**Exercise instructions**. Leave out the pictures and repeat exactly the lines from the one containing "Peugeot 308 HDI" through the end of the records.

Short descriptive text snippets
┏━━

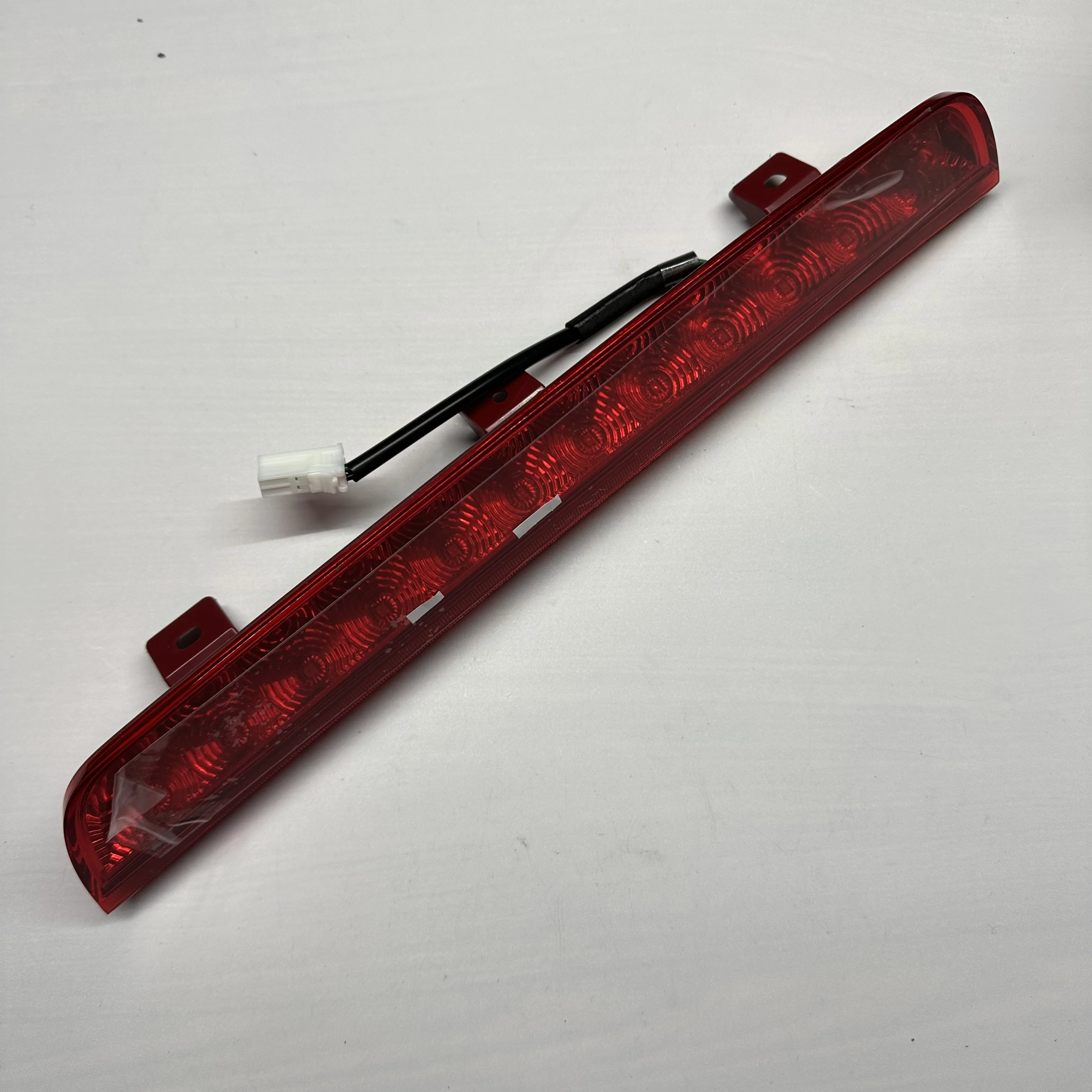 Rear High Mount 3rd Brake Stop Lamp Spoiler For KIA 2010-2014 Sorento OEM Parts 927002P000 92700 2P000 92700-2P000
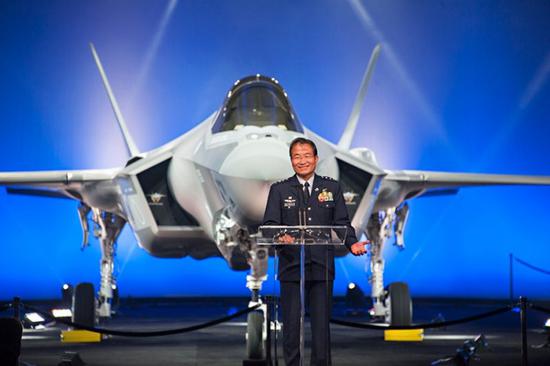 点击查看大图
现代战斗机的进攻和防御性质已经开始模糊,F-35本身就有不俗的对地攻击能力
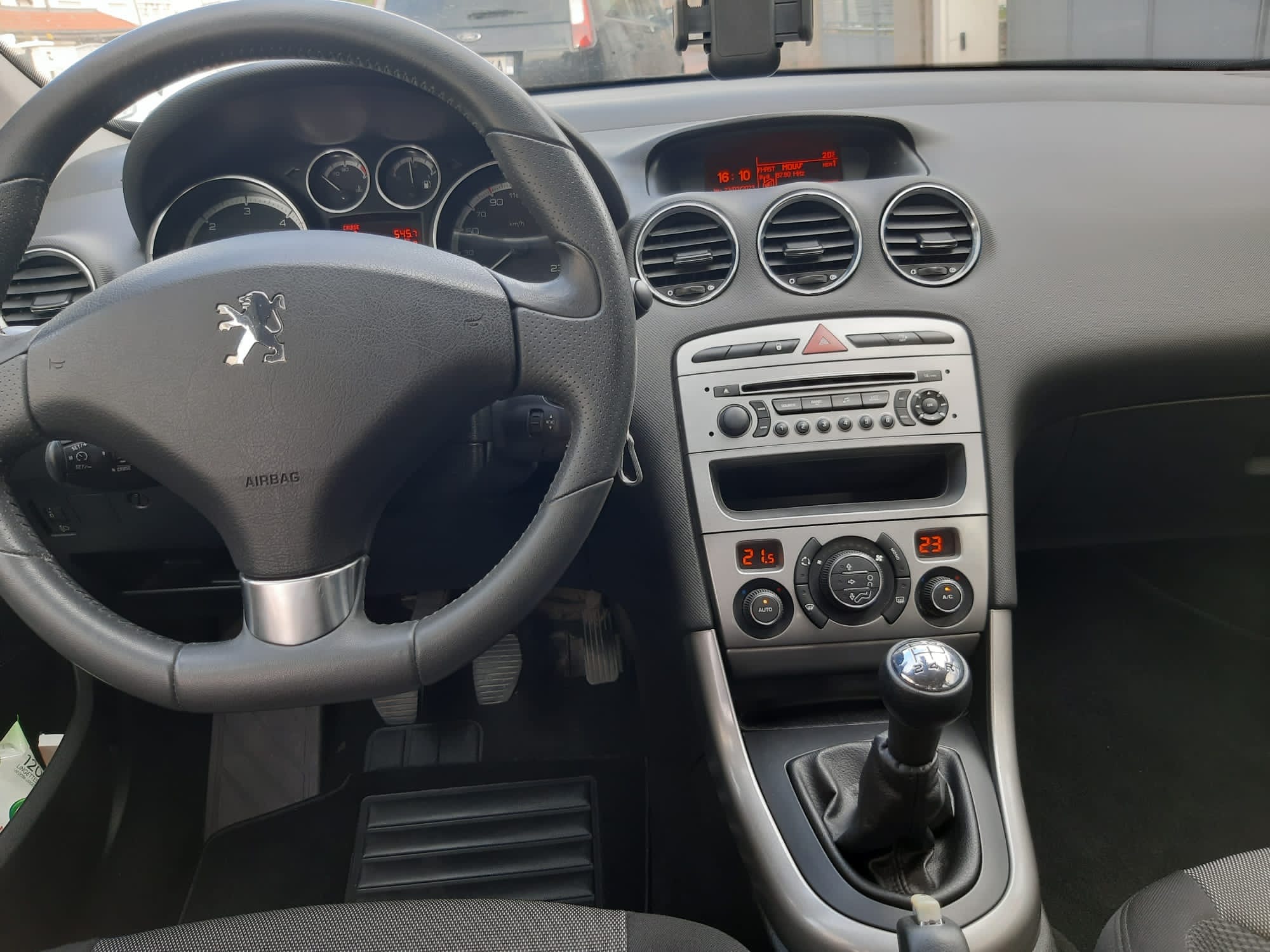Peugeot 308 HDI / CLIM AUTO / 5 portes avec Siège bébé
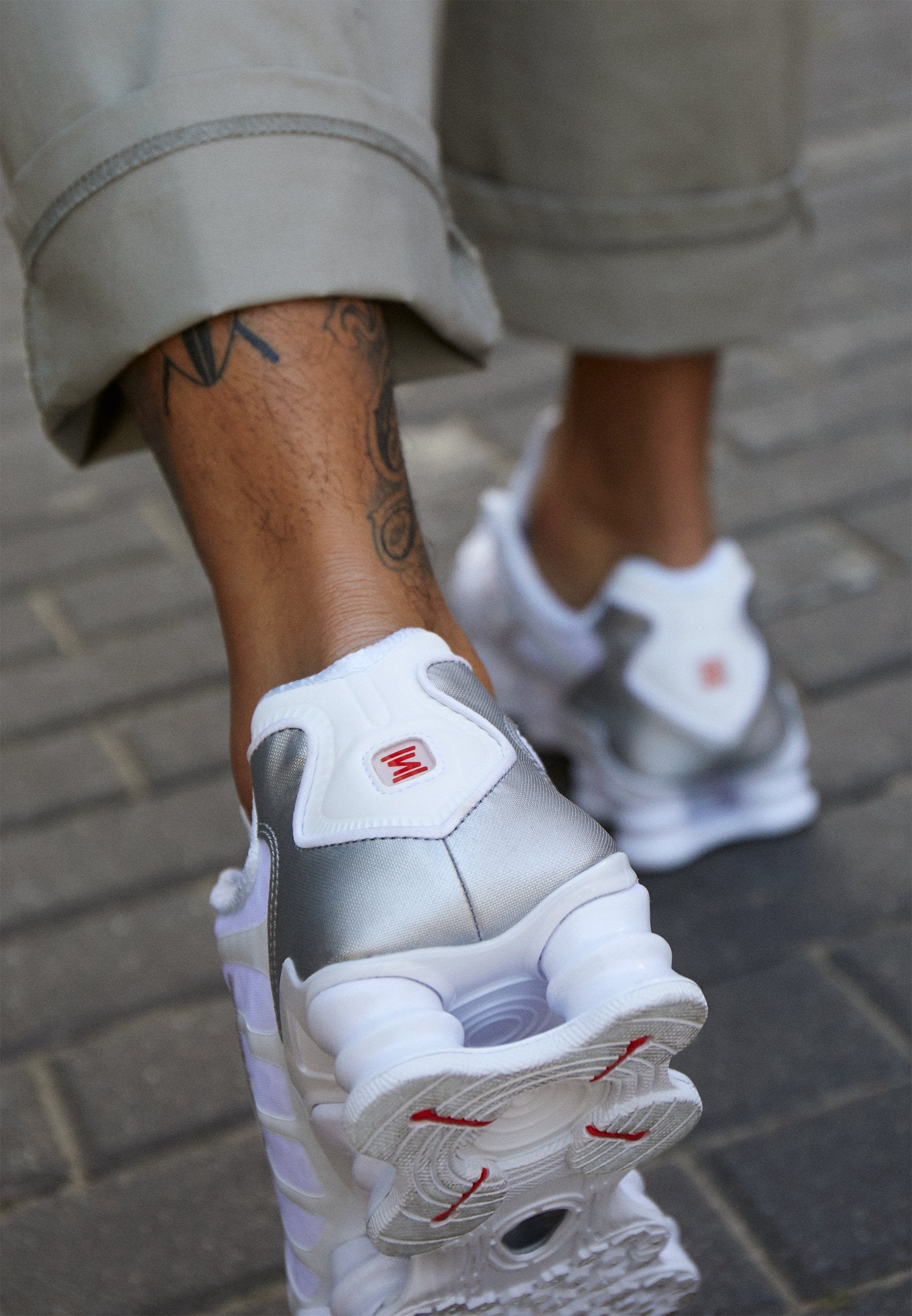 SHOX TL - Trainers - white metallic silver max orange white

┗━━

**Exercise solution**.
Peugeot 308 HDI / CLIM AUTO / 5 portes avec Siège bébé
 SHOX TL - Trainers - white metallic silver max orange white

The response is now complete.